Chris Haining November 11, 2016 Cars You Should Know, Diecast Delights 4 Comments


Will I be hounded from Hooniverse for admitting that I’m not actually the biggest fan of motorsport?

It’s like this: Seeing a DTM race live is one hell of an experience. Watching a BTCC Volvo 850 barrelling into Coram Curve, Snetterton from just 50 yards away is unforgettable. The machinery, too, is awe inspiring. I’ve stood next to Richard Petty’s Superbird on start up, been surrounded by ’80s Formula One cars idling in a paddock. It’s just that, like any other competitive sport, I can’t be bothered to follow it. Right now I couldn’t tell you what the Formula One championship standings are any more than I could tell you how Tottenham Hotspur are doing in the soccer Premiership League, if they’re even in it.

Next time I’m at a live motorsport event I’ll be grinning from ear to ear, and probably high on hi-test fumes, combing burnt rubber particles from my hair. Then, I’ll go home and probably not look at any of the race stats again, because it’s just not that important to me.

The cars are, though. Oh, God yes. Here’s a nice one that’s been in my collection for ages.


It’s been several weeks since we last saw a Maisto model, and It’s no secret that I’m a bit of a fan of the brand. It probably makes about 30% of my collection. Sure, the brand is responsible for a fair few clunkers – they make an R129 Mercedes SL that looks like it caught a violent strain of the mumps.

At one point at the beginning of the century, though Maisto found itself on something of a high. High-end brands like AutoArt were in their infancy, and sealed resin models weren’t really even a thing yet. Maisto churned out hit after hit, really nice models and sold them for hardly any money.

Which is incidentally how I came to own so many of the things.


The body of this is pretty impressive. It’s as good a standard of casting as you’ll find on a diecast of any price, the only limitation being the amount of time spent on hand finishing. For example, there are sharp edges to the perforations on the trailing edges of the wheelarches that represent brake cooling ducts.
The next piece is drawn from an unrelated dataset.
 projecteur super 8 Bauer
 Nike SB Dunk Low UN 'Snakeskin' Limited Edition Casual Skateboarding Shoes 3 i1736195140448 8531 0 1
These could have been vanished with a bit of deft file-work, but that was never gonna happen when things are built in numbers like this was.

More impressive is the paintwork, and then the Mercedes-Benz Original Teile genuine parts livery applied on top of it. This has been tampo’d on and to a really crisp, high standard. And all proper, official sponsors, too.


The details shine, too, particularly the wheels, with their sharply moulded spokes, the branded, slick tyres, and the brake discs with separate ,Brembo-branded calipers. The red towing eyes are a nice touch, too.

The only slight disappointment is the front and rear lights, which are fairly typical of those on diecast models of around that era. These days they tend to be moulded with a little more depth and body, and without the tell-tale central black spot that shows how they’re attached to the body.

This one has no engine to show off. However:


The front end detaches to reveal a great deal of well-observed detail, including the (non-functional) horizontal suspension units and the ram air engine intake which admits air before it travels all the way through the cabin to reach a midships-mounted V8.

I’m really impressed, though, by Maisto’s attempt at carbon fibre. It comes really, really close to being convincing.


There’s plenty of the stuff inside, too, where the driver’s bucket seat sits almost centrally, amid a climbing-frame of scaffolding, and behind a surprisngly well-rendered LCD instrument panel. The long, blurry protuberance visible on the left that’s attached to the door  is trunking to carry cool outside air with a view to refreshing the driver.



It really is a great model, and one that was sold for little more than toy money.

Sure, you could spend £200 on a model by Spark or whoever, which would be perfect to the last nanometer. But it would probably be a sealed cast resin model with none of those saucy details under the front end. Or you could buy one of these for a handful of change via eBay.

If you want a representation of one of these formidable racing machines in your collection, Maisto’s effort comes highly recommended. Whether you’re “into” motorsport or not.